**ABOUT THIS TASK:** The word "waktu" occurs in some of the lines below; copy each of those lines.

**INPUT MATERIAL:**
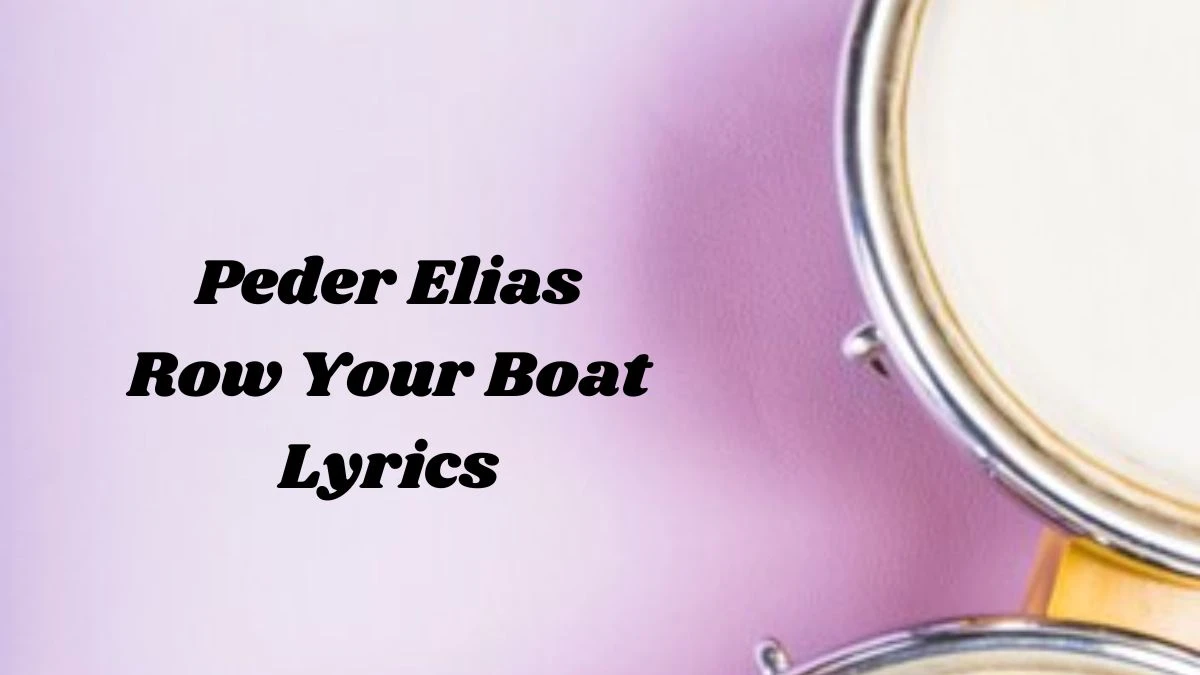 Peder Elias Row Your Boat Lyrics know the real meaning of Peder Elias Row Your Boat Song lyrics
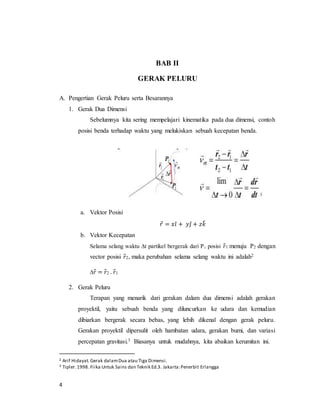 4
BAB II
GERAK PELURU
A. Pengertian Gerak Peluru serta Besarannya
1. Gerak Dua Dimensi
Sebelumnya kita sering mempelajari kinematika pada dua dimensi, contoh
posisi benda terhadap waktu yang melukiskan sebuah kecepatan benda.
a. Vektor Posisi
𝑟⃗ = 𝑥𝑖̂ + 𝑦𝑗̂ + 𝑧𝑘̂
b. Vektor Kecepatan
Selama selang waktu ∆t partikel bergerak dari P1 posisi 𝑟⃗1 menuju P2 dengan
vector posisi 𝑟⃗2, maka perubahan selama selang waktu ini adalah2
∆𝑟⃗ = 𝑟⃗2 - 𝑟⃗1
2. Gerak Peluru
Terapan yang menarik dari gerakan dalam dua dimensi adalah gerakan
proyektil, yaitu sebuah benda yang diluncurkan ke udara dan kemudian
dibiarkan bergerak secara bebas, yang lebih dikenal dengan gerak peluru.
Gerakan proyektil dipersulit oleh hambatan udara, gerakan bumi, dan variasi
percepatan gravitasi.3 Biasanya untuk mudahnya, kita abaikan kerumitan ini.
2 Arif Hidayat.Gerak dalamDua atau Tiga Dimensi.
3 Tipler.1998. Fiika Untuk Sains dan Teknik Ed.3. Jakarta:Penerbit Erlangga
 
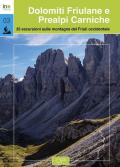 Dolomiti Friulane e Prealpi Carniche. 35 escursioni sulle montagne del Friuli occidentale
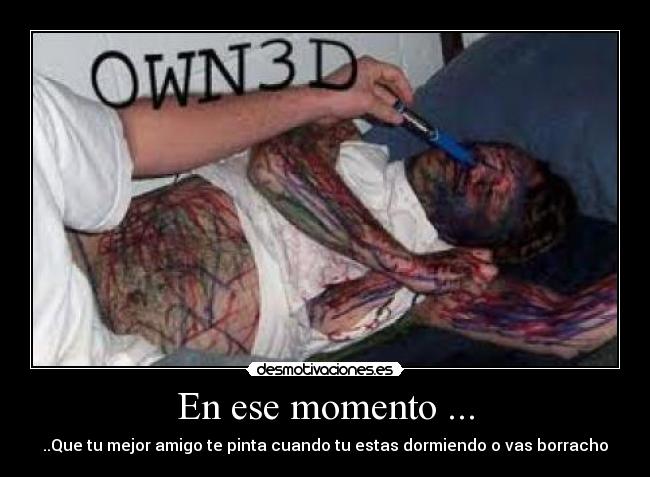 En ese momento ... - 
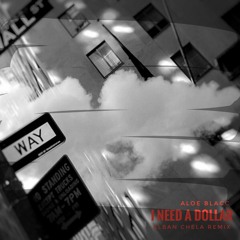 Aloe Blacc - I Need A Dollar (Alban Chela Remix)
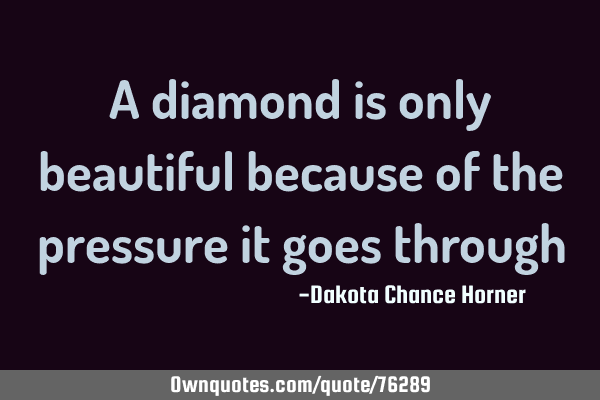 A diamond is only beautiful because of the pressure it goes
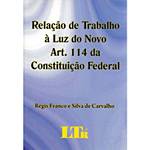Livro - Relação de Trabalho à Luz do Novo Art. 114 da Constituição Federal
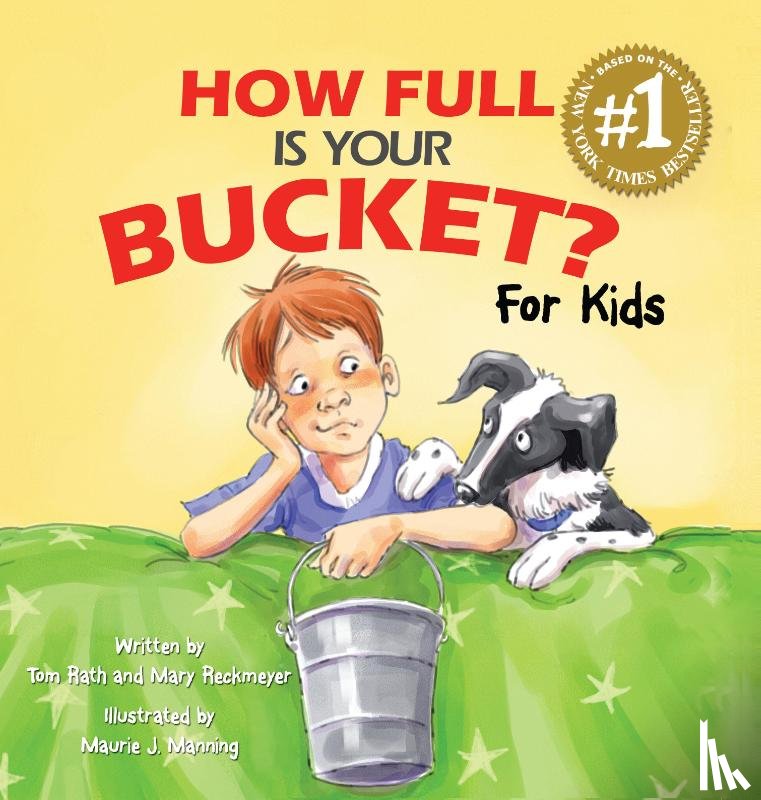 Rath, Tom, Reckmeyer, Mary - How Full Is Your Bucket? For Kids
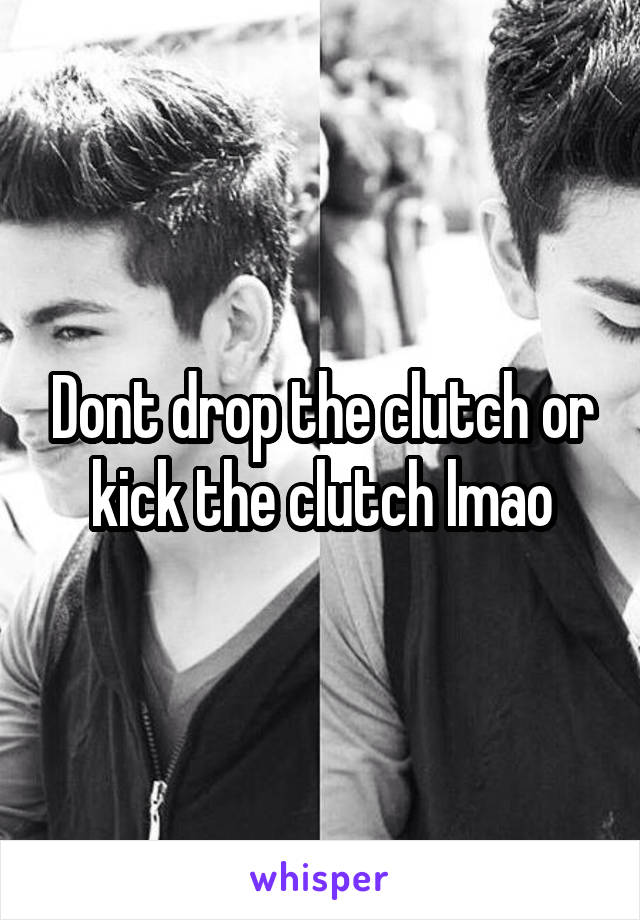 Dont drop the clutch or kick the clutch lmao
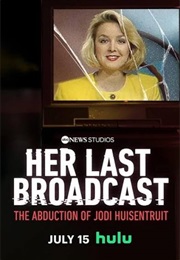 Her Last Broadcast: The Abduction of Jodi Huisentruit (2025)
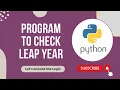 Python Program to Check Leap Year Python Tutorials for Beginners Coding Let s encode the Logic
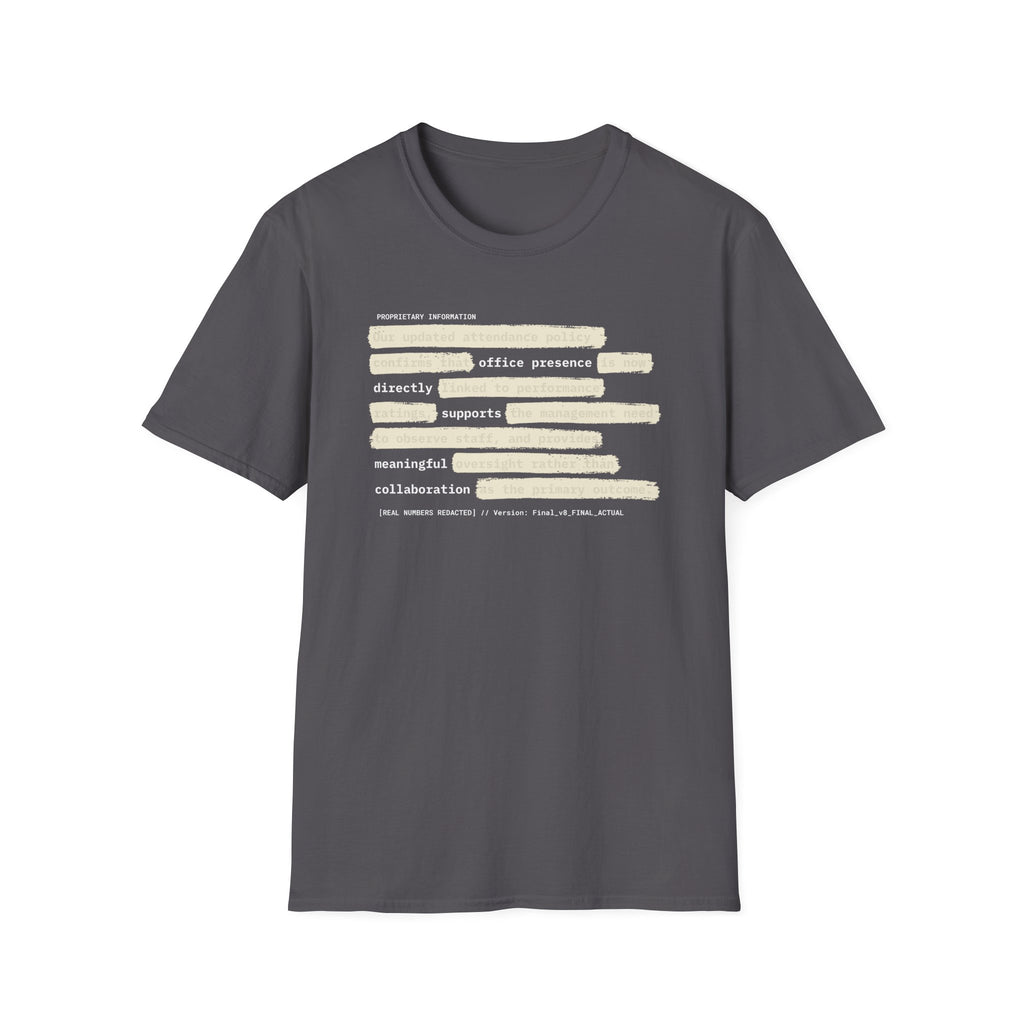 [64] Return To Office Policy T-Shirt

**ANSWER BOX:**
posisi benda terhadap waktu yang melukiskan sebuah kecepatan benda.
Selama selang waktu ∆t partikel bergerak dari P1 posisi 𝑟⃗1 menuju P2 dengan
vector posisi 𝑟⃗2, maka perubahan selama selang waktu ini adalah2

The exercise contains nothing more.